プロローグ
アンリ・デューディーが特別だという事は、リュボンの人々にとっては常識にも等しかった。
それはフィモネ・プティも例外ではない。彼女はこの国の住民にしては魔術に疎い方だったが、街を歩くだけでもその名前は自然と耳に入り、記憶の中で塗り重ねられていった。
同い年で、同じ女の子。だけどそれ以外は何もかも違う魔術師サマ…それがフィモネにとってのアンリの印象だった。
何せ彼女は長い魔術の歴史の中でも異例の才能を持って生まれ、幼い頃から伝説級の逸話を積み上げてきたというのだから。
生まれてすぐに魔術を使い、最初の言葉を口にする前から並の魔術師では適わないほどに使いこなしていた…とか。
親に手を引かれながら魔獣の群に襲われた村の救出作戦に参加し、ほとんど一人で全ての魔獣を撃退した…とか。
有史以前から何人もの高名な魔術師が試みたものの、一度も解読される事がなかった古文書の呪文を何となく読み上げて発動させた…とか…。
中には誇張もあるだろうが、根拠もなく噂が立つ事もないだろう。リュボンでは魔術が使えるだけでも羨望を集めるというのに、彼女の名前と共に語られるエピソードはあまりにも飛び抜けていて、現実味が湧かないほどだった。
かつては絶対的だった魔術の優位は技術の発展によって徐々に埋められ、今や他国では「黄昏の力」とさえ呼ばれる中で、アンリの出現は奇跡とも希望とも呼ばれていた。それもまた自分とは違うなんて思いながら、フィモネは人々が口にする噂を遠い世界の出来事のように聞いていた。
そんなアンリと同じ学校に通うと聞いた時には、さすがに彼女を意識した…とは言うものの、驚きはそれほど大きくはなかった。
なぜなら彼女達が通う王立アカデミーはリュボンの最高学府であると同時に、公立の教育機関で唯一の魔術科を設けているからだ。
世界中から魔術師を志す若者が集まる名門にアンリが入学するのは当然の話。2歳上のアンリの姉が現役の魔術科の生徒である事も、巷では有名な話だった。
一方でフィモネが入学するのは芸術科だ。
「芸術」とはいうものの、創設から10年も経っていないこの学科で扱っているのは絵画や彫刻といった美術分野だけ。同じリュオンの最高学府でも、長い歴史と実績を持つ魔術科の志願倍率とは大きな差がある。
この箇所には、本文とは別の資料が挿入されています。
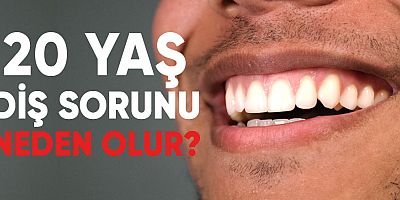 20 Yaş Diş Sorunu Neden Olur? Nelere Dikkat Edilmeli?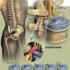 C3 and C4 Disc Herniation – Causes, Symptoms, Treatment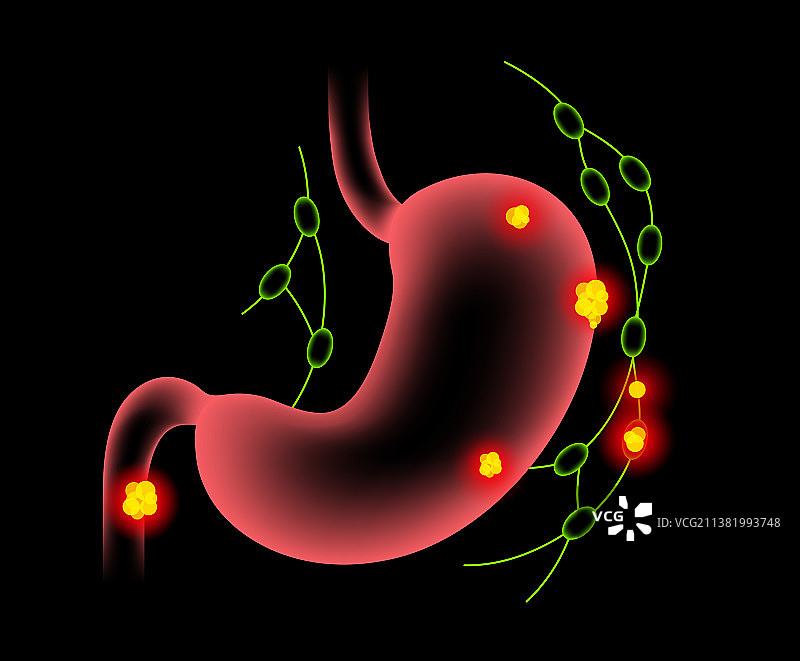 胃癌解剖结构图片素材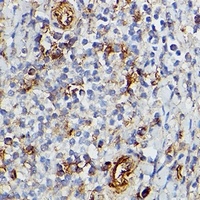 Anti-CD39 Antibody
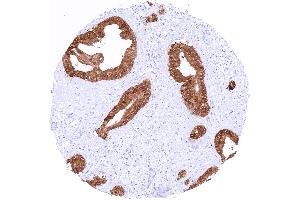 Ductal adenocarcinoma of the pancreas with strong TFF1 staining of all tumor cells (TFF1 抗体  (AA 1-88))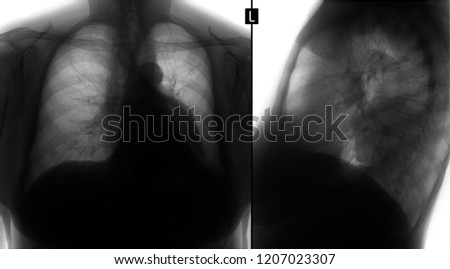 X-ray of the lungs. Volume formation of the mediastinum. Enterogenous cyst. Negative.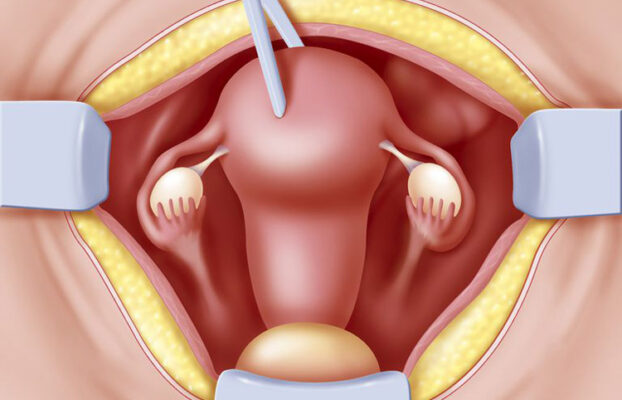 استئصال الرحم بطريق البطن: أسبابه وطريقة إجرائه والتعافي بعده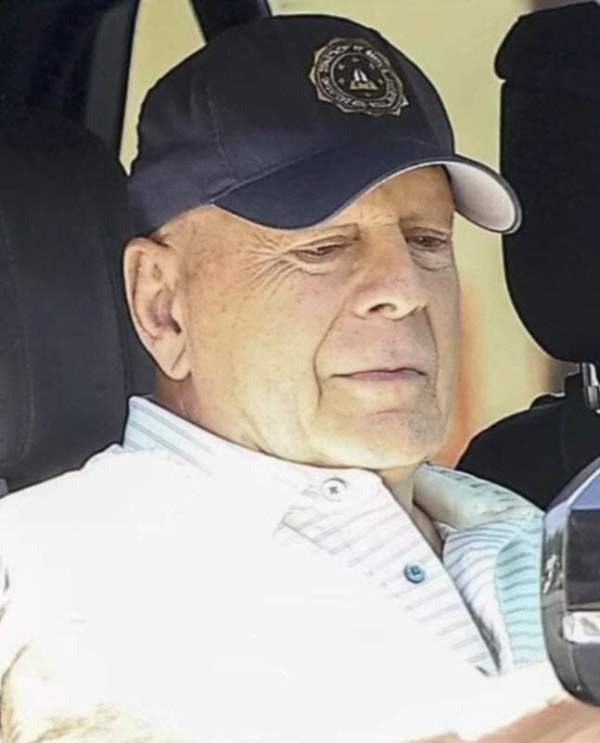 브루스 윌리스 전두측두엽 치매(FTD)란? 치명적인 특징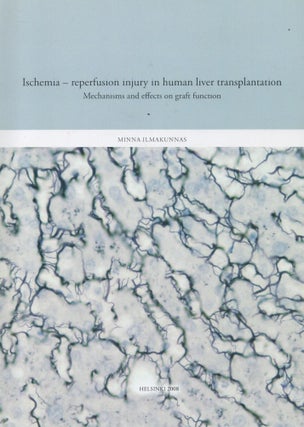 Item #2849 Ischemia : Reperfusion Injury in Human Liver Transplantation : Mechanisms and Effects...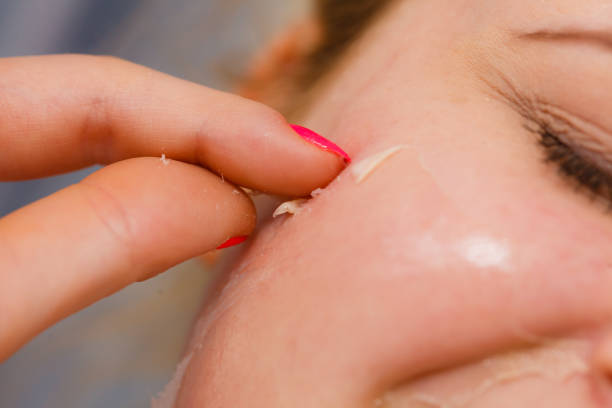 أخطاء التجميل غير الجراحي الإفراط في الحقن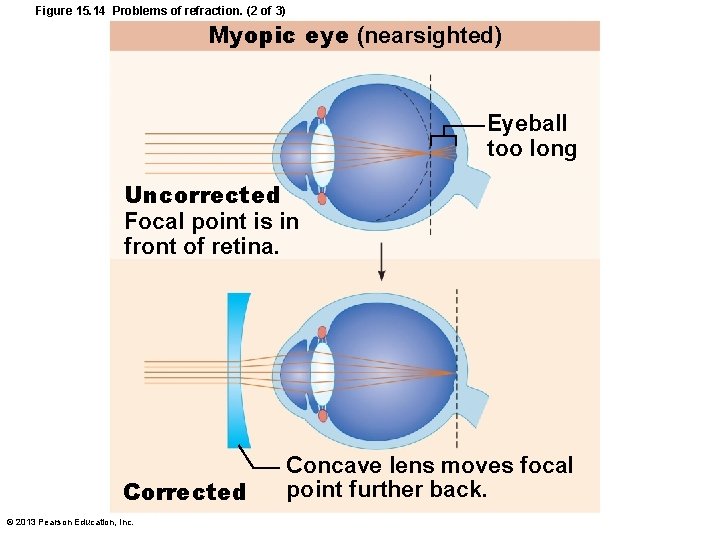 Figure 15. 14 Problems of refraction. (2 of 3) Myopic eye (nearsighted) Eyeball too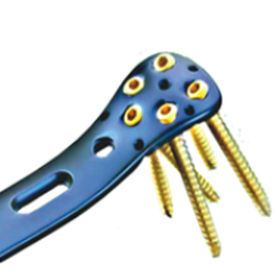 Placa de compresión para fémur - ORTHO CARE - porción proximal / metálica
だからフィモネは思っていた。同じ学校に入学はしたけれど、あのアンリ・デューディーと接点を持つ機会なんて一度も訪れない、と。
入学の式典の中で、フィモネははじめてアンリを見た。
遠くからではあったけれど、彼女の姿は百人以上もの新入生の中でひときわ輝いているかのようで、目をこらして探すまでもなかった。
魔術の名家の血筋でも異能の証といわれる白銀の髪は、うっすらと紫色を帯びているようにも見える。それはまるで、夜明けの光を吸い込んだ雪原のようだとフィモネは思った。
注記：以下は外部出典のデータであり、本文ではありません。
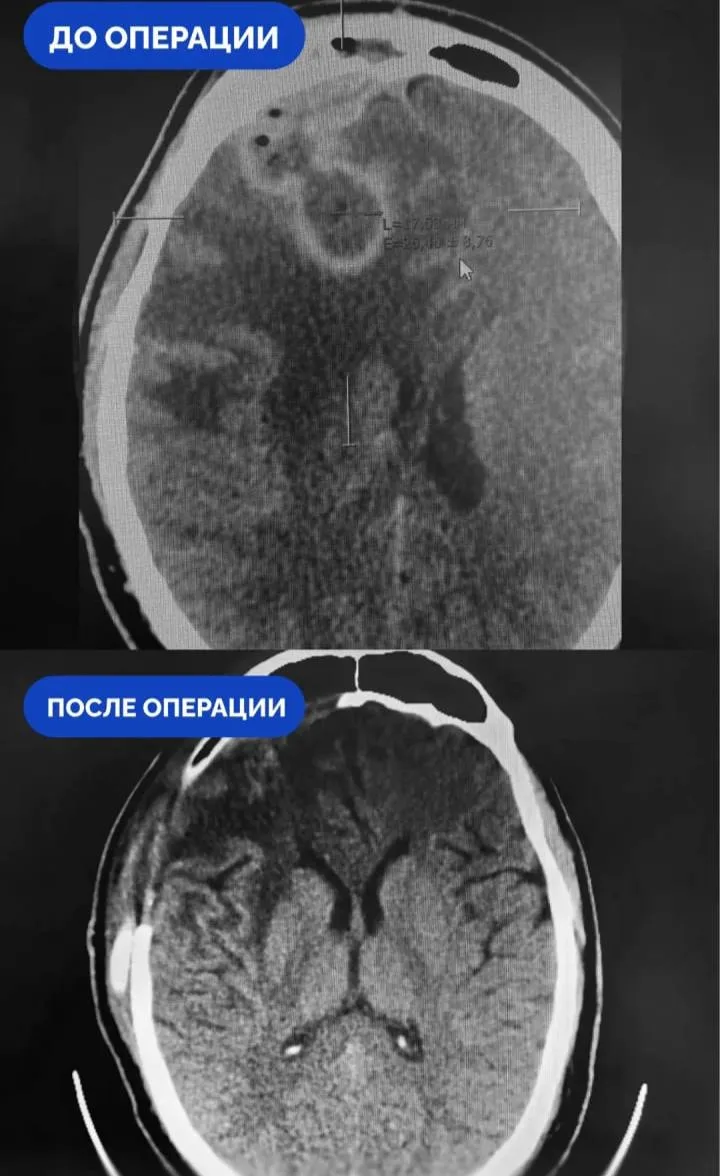 ⚡️ Четыре месяца самолечения насморка закончились для 21-летнего сургутянина абсцессом ...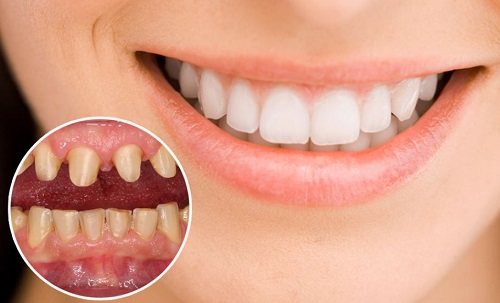 Cách khắc phục răng sứ gây hôi miệng bạn phải biết 1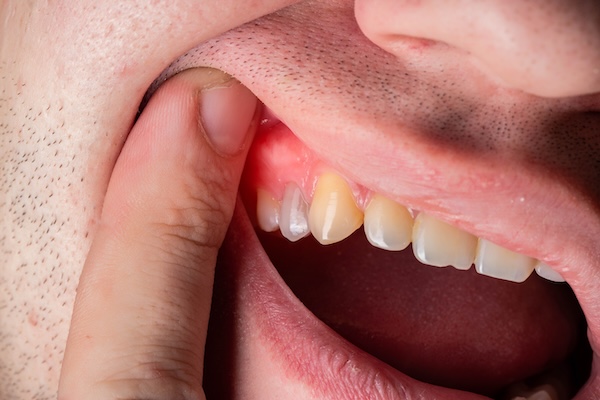 5 Signs You Need a Tooth Removed: When Extraction Becomes Necessary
同じ色の細い眉の下では、緑色の大きな瞳が輝いている。
本物のアンリは、彼女が何者なのかを知らなくても見惚れてしまうほどの幻想的な気配を漂わせた美少女だった。
式典の礼装である濃紺のローブは魔術の育成から始まったというアカデミーの歴史にならい、魔術に由来する菱形を組んだ十字の文様が縫いこまれている。そんなローブをまとうアンリからはすでに魔術師らしい風格が漂っていて、彼女が別格の存在である事を知らしめるには十分だった。
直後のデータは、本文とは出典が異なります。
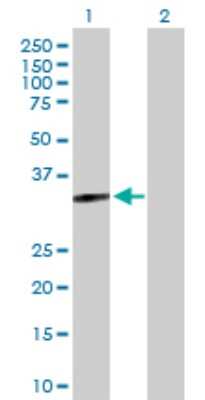 Western Blot: Myozenin 2 Antibody [H00051778-D01P]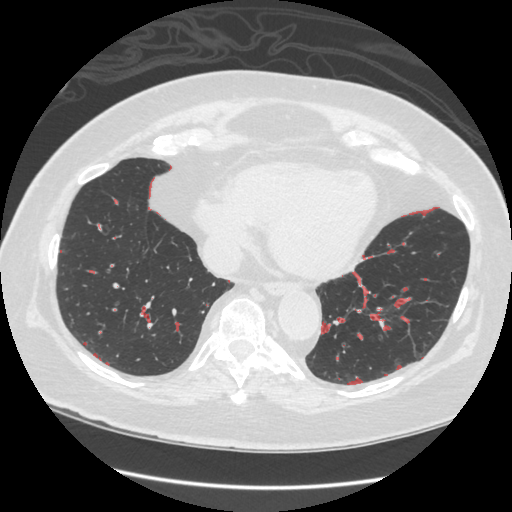 Sample 4 with infection overlay
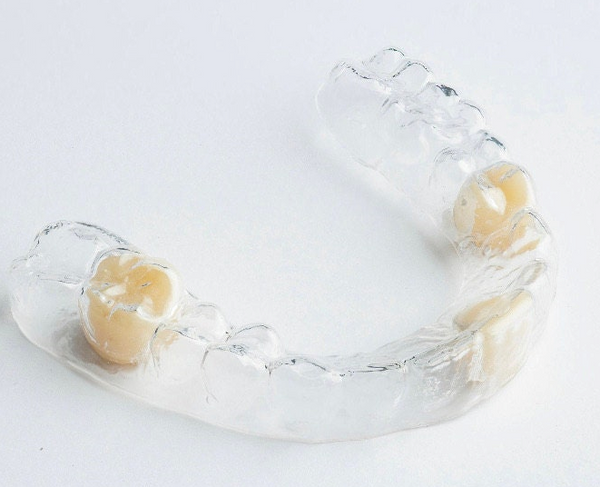 Clear Orthodontic Retainer| Clear Aligners (Impression kit included)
学園長の話に聞き入るアンリの横顔を眺めながら、フィモネは確信する。
彼女は想像していたよりもずっと特別だ。自分が関わる事なんて、絶対にない。
…そんなフィモネの確信は、入学の式典が終わり、学科に別れた時点で崩壊した。
知らなかった。いや。もしも聞いていたとしても、信じなかったはず。
だって、普通は思わないだろう。魔術の歴史の中でも稀な才能を持って生まれ、「奇跡」や「希望」とまで言われていたアンリが選択したのは、魔術科ではなく芸術科だったなんて。